[[ SUPPLIED RECORDS open ]]

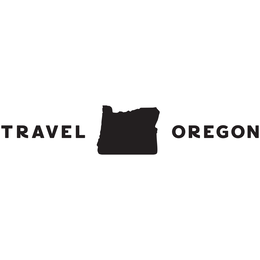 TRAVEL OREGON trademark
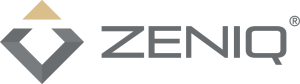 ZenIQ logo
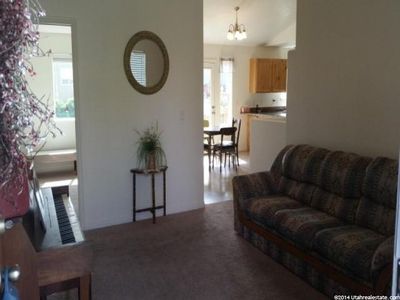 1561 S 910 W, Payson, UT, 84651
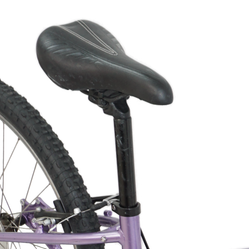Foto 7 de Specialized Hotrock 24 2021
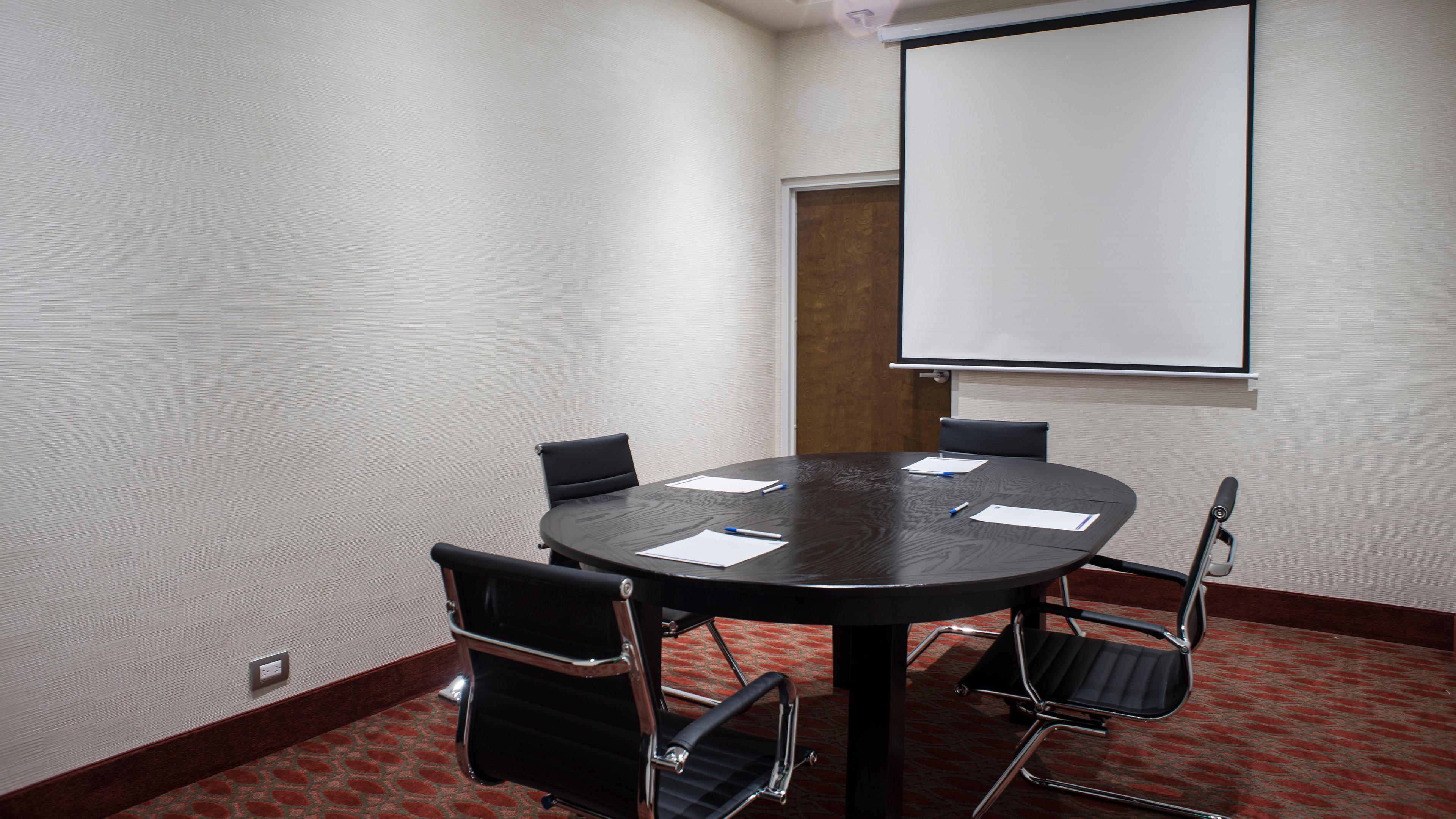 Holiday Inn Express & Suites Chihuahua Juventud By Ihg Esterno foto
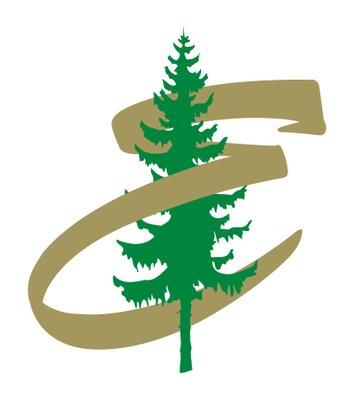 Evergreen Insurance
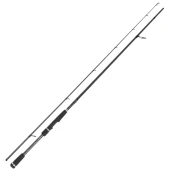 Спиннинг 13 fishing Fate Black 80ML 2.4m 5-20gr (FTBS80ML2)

[[ SUPPLIED RECORDS closed ]]
[[ SUPPLIED RECORDS open ]]

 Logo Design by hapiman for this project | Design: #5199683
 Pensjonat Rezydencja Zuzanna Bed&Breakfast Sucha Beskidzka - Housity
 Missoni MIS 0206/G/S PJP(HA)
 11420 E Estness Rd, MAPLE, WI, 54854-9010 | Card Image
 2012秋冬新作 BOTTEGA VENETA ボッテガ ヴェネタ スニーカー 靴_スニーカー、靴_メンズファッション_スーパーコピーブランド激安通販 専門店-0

[[ SUPPLIED RECORDS closed ]]

TASK GOAL: Lines from the one above containing "TRAVEL OREGON trademark" down to the one containing "Спиннинг 13 fishing" should be transcribed exactly, with both ends kept and no pictures.

YOUR RESPONSE:
 TRAVEL OREGON trademark
 ZenIQ logo
 1561 S 910 W, Payson, UT, 84651
Foto 7 de Specialized Hotrock 24 2021
 Holiday Inn Express & Suites Chihuahua Juventud By Ihg Esterno foto
 Evergreen Insurance
 Спиннинг 13 fishing Fate Black 80ML 2.4m 5-20gr (FTBS80ML2)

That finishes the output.